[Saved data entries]

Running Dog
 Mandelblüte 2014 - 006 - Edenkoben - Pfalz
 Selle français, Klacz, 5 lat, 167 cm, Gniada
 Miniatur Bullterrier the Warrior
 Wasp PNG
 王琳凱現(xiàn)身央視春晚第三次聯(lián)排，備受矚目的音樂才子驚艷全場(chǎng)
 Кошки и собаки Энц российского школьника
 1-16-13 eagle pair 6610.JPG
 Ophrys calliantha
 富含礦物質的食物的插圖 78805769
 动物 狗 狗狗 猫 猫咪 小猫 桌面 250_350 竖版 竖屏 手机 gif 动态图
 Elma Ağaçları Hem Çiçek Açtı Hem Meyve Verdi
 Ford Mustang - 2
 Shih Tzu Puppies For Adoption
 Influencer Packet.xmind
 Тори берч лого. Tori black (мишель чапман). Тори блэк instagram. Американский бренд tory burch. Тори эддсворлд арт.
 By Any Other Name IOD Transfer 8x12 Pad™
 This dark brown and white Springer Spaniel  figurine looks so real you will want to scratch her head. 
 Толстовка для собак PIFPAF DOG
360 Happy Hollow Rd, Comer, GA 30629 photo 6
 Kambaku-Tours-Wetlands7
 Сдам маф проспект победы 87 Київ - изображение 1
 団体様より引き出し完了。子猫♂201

» **What to work on**
Quote all of the entries exactly as they appear.

» **Solution to the exercise**
Running Dog
 Mandelblüte 2014 - 006 - Edenkoben - Pfalz
 Selle français, Klacz, 5 lat, 167 cm, Gniada
 Miniatur Bullterrier the Warrior
 Wasp PNG
 王琳凱現(xiàn)身央視春晚第三次聯(lián)排，備受矚目的音樂才子驚艷全場(chǎng)
 Кошки и собаки Энц российского школьника
 1-16-13 eagle pair 6610.JPG
 Ophrys calliantha
 富含礦物質的食物的插圖 78805769
 动物 狗 狗狗 猫 猫咪 小猫 桌面 250_350 竖版 竖屏 手机 gif 动态图
 Elma Ağaçları Hem Çiçek Açtı Hem Meyve Verdi
 Ford Mustang - 2
 Shih Tzu Puppies For Adoption
 Influencer Packet.xmind
 Тори берч лого. Tori black (мишель чапман). Тори блэк instagram. Американский бренд tory burch. Тори эддсворлд арт.
 By Any Other Name IOD Transfer 8x12 Pad™
 This dark brown and white Springer Spaniel  figurine looks so real you will want to scratch her head. 
 Толстовка для собак PIFPAF DOG
360 Happy Hollow Rd, Comer, GA 30629 photo 6
 Kambaku-Tours-Wetlands7
 Сдам маф проспект победы 87 Київ - изображение 1
 団体様より引き出し完了。子猫♂201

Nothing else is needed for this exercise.